■ Dataset excerpts:
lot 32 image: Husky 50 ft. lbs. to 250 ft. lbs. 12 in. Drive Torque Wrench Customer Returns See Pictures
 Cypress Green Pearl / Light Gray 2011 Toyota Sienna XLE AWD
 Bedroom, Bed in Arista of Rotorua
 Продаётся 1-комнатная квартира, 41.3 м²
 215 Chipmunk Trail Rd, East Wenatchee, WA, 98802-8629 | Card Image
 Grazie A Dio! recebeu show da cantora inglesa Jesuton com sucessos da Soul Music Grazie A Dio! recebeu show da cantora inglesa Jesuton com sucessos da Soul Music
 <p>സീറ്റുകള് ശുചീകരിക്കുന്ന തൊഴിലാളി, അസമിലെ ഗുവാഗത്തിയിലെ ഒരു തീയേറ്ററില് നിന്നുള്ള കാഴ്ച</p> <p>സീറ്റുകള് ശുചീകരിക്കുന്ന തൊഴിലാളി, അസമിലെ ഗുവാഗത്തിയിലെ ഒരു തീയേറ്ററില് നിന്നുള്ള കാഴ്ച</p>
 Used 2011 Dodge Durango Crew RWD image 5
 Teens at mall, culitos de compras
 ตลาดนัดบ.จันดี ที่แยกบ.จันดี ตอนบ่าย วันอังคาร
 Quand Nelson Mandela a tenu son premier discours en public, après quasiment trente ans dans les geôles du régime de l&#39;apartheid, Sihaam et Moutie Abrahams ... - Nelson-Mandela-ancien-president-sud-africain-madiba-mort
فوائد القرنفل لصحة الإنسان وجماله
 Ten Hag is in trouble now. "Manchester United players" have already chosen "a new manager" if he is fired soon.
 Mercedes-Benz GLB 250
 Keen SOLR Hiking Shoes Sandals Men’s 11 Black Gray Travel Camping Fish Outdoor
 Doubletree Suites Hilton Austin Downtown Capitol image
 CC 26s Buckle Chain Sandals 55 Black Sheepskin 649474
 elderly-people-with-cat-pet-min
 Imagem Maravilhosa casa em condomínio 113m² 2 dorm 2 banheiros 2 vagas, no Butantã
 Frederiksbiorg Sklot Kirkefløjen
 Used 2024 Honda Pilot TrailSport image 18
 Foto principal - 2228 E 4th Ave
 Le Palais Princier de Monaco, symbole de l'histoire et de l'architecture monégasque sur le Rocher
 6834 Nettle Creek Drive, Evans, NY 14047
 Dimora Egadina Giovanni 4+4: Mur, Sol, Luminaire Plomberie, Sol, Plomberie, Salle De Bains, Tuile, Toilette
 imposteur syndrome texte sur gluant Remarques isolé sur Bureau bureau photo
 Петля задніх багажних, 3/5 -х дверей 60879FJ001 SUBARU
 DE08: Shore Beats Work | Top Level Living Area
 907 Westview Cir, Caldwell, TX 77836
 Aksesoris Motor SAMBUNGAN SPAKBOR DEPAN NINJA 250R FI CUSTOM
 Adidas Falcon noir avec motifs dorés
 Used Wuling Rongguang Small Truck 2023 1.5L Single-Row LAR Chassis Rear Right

■ Aim of the exercise: Above are the records; repeat exactly the lines from the one holding "CC 26s Buckle" down to the one holding "Used 2024 Honda Pilot TrailSport image 18", end lines included.

■ Response to this task:
 CC 26s Buckle Chain Sandals 55 Black Sheepskin 649474
 elderly-people-with-cat-pet-min
 Imagem Maravilhosa casa em condomínio 113m² 2 dorm 2 banheiros 2 vagas, no Butantã
 Frederiksbiorg Sklot Kirkefløjen
 Used 2024 Honda Pilot TrailSport image 18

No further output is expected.